[[ Supplied entries open ]]

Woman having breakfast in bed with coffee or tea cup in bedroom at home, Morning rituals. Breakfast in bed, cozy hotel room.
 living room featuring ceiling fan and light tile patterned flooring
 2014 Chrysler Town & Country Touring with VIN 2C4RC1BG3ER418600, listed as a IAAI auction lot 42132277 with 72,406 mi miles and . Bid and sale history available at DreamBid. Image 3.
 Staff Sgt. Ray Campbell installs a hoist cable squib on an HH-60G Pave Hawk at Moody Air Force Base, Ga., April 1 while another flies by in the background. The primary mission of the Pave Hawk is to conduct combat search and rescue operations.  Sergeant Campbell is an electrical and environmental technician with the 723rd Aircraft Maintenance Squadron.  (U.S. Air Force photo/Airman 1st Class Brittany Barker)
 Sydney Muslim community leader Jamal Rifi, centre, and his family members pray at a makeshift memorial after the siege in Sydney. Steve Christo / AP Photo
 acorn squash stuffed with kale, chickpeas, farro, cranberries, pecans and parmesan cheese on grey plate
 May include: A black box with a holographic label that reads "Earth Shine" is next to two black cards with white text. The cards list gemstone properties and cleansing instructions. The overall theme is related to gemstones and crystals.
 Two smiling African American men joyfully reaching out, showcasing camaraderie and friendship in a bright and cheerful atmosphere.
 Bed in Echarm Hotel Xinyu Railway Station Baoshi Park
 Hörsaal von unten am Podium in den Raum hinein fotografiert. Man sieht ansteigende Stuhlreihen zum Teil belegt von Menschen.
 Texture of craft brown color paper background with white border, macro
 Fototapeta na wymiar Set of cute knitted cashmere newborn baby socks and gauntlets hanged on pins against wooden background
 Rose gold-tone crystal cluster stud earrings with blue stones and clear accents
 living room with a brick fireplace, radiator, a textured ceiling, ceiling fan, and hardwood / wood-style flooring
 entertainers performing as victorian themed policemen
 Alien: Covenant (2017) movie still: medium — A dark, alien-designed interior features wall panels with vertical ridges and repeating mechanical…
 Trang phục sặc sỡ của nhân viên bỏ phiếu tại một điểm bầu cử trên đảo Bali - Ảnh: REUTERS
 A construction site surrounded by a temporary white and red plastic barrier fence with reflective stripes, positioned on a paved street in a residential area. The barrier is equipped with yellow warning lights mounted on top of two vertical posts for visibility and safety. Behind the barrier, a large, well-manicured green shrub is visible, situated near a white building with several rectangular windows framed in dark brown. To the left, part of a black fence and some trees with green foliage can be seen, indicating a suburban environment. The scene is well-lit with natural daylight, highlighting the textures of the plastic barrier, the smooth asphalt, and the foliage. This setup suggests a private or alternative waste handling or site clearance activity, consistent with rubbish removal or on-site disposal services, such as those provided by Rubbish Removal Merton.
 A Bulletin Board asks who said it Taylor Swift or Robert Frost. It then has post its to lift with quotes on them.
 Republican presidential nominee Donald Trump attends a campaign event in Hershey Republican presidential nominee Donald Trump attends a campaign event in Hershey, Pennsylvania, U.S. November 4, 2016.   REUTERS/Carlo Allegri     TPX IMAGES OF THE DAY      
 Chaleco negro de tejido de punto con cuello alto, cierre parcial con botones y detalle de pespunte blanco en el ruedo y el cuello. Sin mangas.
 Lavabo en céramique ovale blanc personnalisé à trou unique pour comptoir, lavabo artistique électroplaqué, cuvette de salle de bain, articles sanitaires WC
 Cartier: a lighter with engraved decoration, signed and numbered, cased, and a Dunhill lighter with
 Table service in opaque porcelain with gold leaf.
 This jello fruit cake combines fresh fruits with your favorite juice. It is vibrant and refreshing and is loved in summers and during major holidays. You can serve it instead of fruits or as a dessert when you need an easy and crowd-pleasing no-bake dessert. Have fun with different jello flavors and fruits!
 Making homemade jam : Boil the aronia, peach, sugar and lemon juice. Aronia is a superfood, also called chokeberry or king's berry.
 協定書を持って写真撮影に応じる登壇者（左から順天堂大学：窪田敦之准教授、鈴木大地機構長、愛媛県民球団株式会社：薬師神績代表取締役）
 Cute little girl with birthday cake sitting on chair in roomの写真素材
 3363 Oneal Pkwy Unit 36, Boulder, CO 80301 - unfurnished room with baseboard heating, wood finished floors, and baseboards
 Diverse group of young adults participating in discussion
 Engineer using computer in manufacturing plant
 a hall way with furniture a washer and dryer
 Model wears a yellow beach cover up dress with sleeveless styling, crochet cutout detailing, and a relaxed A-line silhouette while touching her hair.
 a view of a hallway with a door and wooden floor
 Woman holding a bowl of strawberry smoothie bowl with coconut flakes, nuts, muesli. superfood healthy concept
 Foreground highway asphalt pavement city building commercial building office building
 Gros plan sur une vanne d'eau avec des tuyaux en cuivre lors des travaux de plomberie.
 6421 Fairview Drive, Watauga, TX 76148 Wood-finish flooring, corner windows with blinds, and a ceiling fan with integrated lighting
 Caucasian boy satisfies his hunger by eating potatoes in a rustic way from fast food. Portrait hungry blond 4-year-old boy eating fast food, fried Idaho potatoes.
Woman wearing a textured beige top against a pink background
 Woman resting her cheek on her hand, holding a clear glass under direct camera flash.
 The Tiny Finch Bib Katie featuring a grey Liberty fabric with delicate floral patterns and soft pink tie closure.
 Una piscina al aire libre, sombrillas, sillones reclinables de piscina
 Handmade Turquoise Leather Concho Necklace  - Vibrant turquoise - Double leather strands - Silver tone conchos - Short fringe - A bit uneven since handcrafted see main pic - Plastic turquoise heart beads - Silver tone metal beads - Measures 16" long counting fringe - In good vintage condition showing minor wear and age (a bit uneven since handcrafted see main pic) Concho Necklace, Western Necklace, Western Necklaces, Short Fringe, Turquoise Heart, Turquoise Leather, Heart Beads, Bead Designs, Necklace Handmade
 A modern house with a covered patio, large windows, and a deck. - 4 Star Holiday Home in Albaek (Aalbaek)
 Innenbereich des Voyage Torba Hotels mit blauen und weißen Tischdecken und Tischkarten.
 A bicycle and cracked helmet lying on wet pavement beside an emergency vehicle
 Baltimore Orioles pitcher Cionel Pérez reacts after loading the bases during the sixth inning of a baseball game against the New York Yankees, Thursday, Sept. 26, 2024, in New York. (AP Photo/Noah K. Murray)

[[ Supplied entries closed ]]

Instructions to follow: Each entry above should be output again, precisely as given.

Exercise response:
Woman having breakfast in bed with coffee or tea cup in bedroom at home, Morning rituals. Breakfast in bed, cozy hotel room.
 living room featuring ceiling fan and light tile patterned flooring
 2014 Chrysler Town & Country Touring with VIN 2C4RC1BG3ER418600, listed as a IAAI auction lot 42132277 with 72,406 mi miles and . Bid and sale history available at DreamBid. Image 3.
 Staff Sgt. Ray Campbell installs a hoist cable squib on an HH-60G Pave Hawk at Moody Air Force Base, Ga., April 1 while another flies by in the background. The primary mission of the Pave Hawk is to conduct combat search and rescue operations.  Sergeant Campbell is an electrical and environmental technician with the 723rd Aircraft Maintenance Squadron.  (U.S. Air Force photo/Airman 1st Class Brittany Barker)
 Sydney Muslim community leader Jamal Rifi, centre, and his family members pray at a makeshift memorial after the siege in Sydney. Steve Christo / AP Photo
 acorn squash stuffed with kale, chickpeas, farro, cranberries, pecans and parmesan cheese on grey plate
 May include: A black box with a holographic label that reads "Earth Shine" is next to two black cards with white text. The cards list gemstone properties and cleansing instructions. The overall theme is related to gemstones and crystals.
 Two smiling African American men joyfully reaching out, showcasing camaraderie and friendship in a bright and cheerful atmosphere.
 Bed in Echarm Hotel Xinyu Railway Station Baoshi Park
 Hörsaal von unten am Podium in den Raum hinein fotografiert. Man sieht ansteigende Stuhlreihen zum Teil belegt von Menschen.
 Texture of craft brown color paper background with white border, macro
 Fototapeta na wymiar Set of cute knitted cashmere newborn baby socks and gauntlets hanged on pins against wooden background
 Rose gold-tone crystal cluster stud earrings with blue stones and clear accents
 living room with a brick fireplace, radiator, a textured ceiling, ceiling fan, and hardwood / wood-style flooring
 entertainers performing as victorian themed policemen
 Alien: Covenant (2017) movie still: medium — A dark, alien-designed interior features wall panels with vertical ridges and repeating mechanical…
 Trang phục sặc sỡ của nhân viên bỏ phiếu tại một điểm bầu cử trên đảo Bali - Ảnh: REUTERS
 A construction site surrounded by a temporary white and red plastic barrier fence with reflective stripes, positioned on a paved street in a residential area. The barrier is equipped with yellow warning lights mounted on top of two vertical posts for visibility and safety. Behind the barrier, a large, well-manicured green shrub is visible, situated near a white building with several rectangular windows framed in dark brown. To the left, part of a black fence and some trees with green foliage can be seen, indicating a suburban environment. The scene is well-lit with natural daylight, highlighting the textures of the plastic barrier, the smooth asphalt, and the foliage. This setup suggests a private or alternative waste handling or site clearance activity, consistent with rubbish removal or on-site disposal services, such as those provided by Rubbish Removal Merton.
 A Bulletin Board asks who said it Taylor Swift or Robert Frost. It then has post its to lift with quotes on them.
 Republican presidential nominee Donald Trump attends a campaign event in Hershey Republican presidential nominee Donald Trump attends a campaign event in Hershey, Pennsylvania, U.S. November 4, 2016.   REUTERS/Carlo Allegri     TPX IMAGES OF THE DAY      
 Chaleco negro de tejido de punto con cuello alto, cierre parcial con botones y detalle de pespunte blanco en el ruedo y el cuello. Sin mangas.
 Lavabo en céramique ovale blanc personnalisé à trou unique pour comptoir, lavabo artistique électroplaqué, cuvette de salle de bain, articles sanitaires WC
 Cartier: a lighter with engraved decoration, signed and numbered, cased, and a Dunhill lighter with
 Table service in opaque porcelain with gold leaf.
 This jello fruit cake combines fresh fruits with your favorite juice. It is vibrant and refreshing and is loved in summers and during major holidays. You can serve it instead of fruits or as a dessert when you need an easy and crowd-pleasing no-bake dessert. Have fun with different jello flavors and fruits!
 Making homemade jam : Boil the aronia, peach, sugar and lemon juice. Aronia is a superfood, also called chokeberry or king's berry.
 協定書を持って写真撮影に応じる登壇者（左から順天堂大学：窪田敦之准教授、鈴木大地機構長、愛媛県民球団株式会社：薬師神績代表取締役）
 Cute little girl with birthday cake sitting on chair in roomの写真素材
 3363 Oneal Pkwy Unit 36, Boulder, CO 80301 - unfurnished room with baseboard heating, wood finished floors, and baseboards
 Diverse group of young adults participating in discussion
 Engineer using computer in manufacturing plant
 a hall way with furniture a washer and dryer
 Model wears a yellow beach cover up dress with sleeveless styling, crochet cutout detailing, and a relaxed A-line silhouette while touching her hair.
 a view of a hallway with a door and wooden floor
 Woman holding a bowl of strawberry smoothie bowl with coconut flakes, nuts, muesli. superfood healthy concept
 Foreground highway asphalt pavement city building commercial building office building
 Gros plan sur une vanne d'eau avec des tuyaux en cuivre lors des travaux de plomberie.
 6421 Fairview Drive, Watauga, TX 76148 Wood-finish flooring, corner windows with blinds, and a ceiling fan with integrated lighting
 Caucasian boy satisfies his hunger by eating potatoes in a rustic way from fast food. Portrait hungry blond 4-year-old boy eating fast food, fried Idaho potatoes.
Woman wearing a textured beige top against a pink background
 Woman resting her cheek on her hand, holding a clear glass under direct camera flash.
 The Tiny Finch Bib Katie featuring a grey Liberty fabric with delicate floral patterns and soft pink tie closure.
 Una piscina al aire libre, sombrillas, sillones reclinables de piscina
 Handmade Turquoise Leather Concho Necklace  - Vibrant turquoise - Double leather strands - Silver tone conchos - Short fringe - A bit uneven since handcrafted see main pic - Plastic turquoise heart beads - Silver tone metal beads - Measures 16" long counting fringe - In good vintage condition showing minor wear and age (a bit uneven since handcrafted see main pic) Concho Necklace, Western Necklace, Western Necklaces, Short Fringe, Turquoise Heart, Turquoise Leather, Heart Beads, Bead Designs, Necklace Handmade
 A modern house with a covered patio, large windows, and a deck. - 4 Star Holiday Home in Albaek (Aalbaek)
 Innenbereich des Voyage Torba Hotels mit blauen und weißen Tischdecken und Tischkarten.
 A bicycle and cracked helmet lying on wet pavement beside an emergency vehicle
 Baltimore Orioles pitcher Cionel Pérez reacts after loading the bases during the sixth inning of a baseball game against the New York Yankees, Thursday, Sept. 26, 2024, in New York. (AP Photo/Noah K. Murray)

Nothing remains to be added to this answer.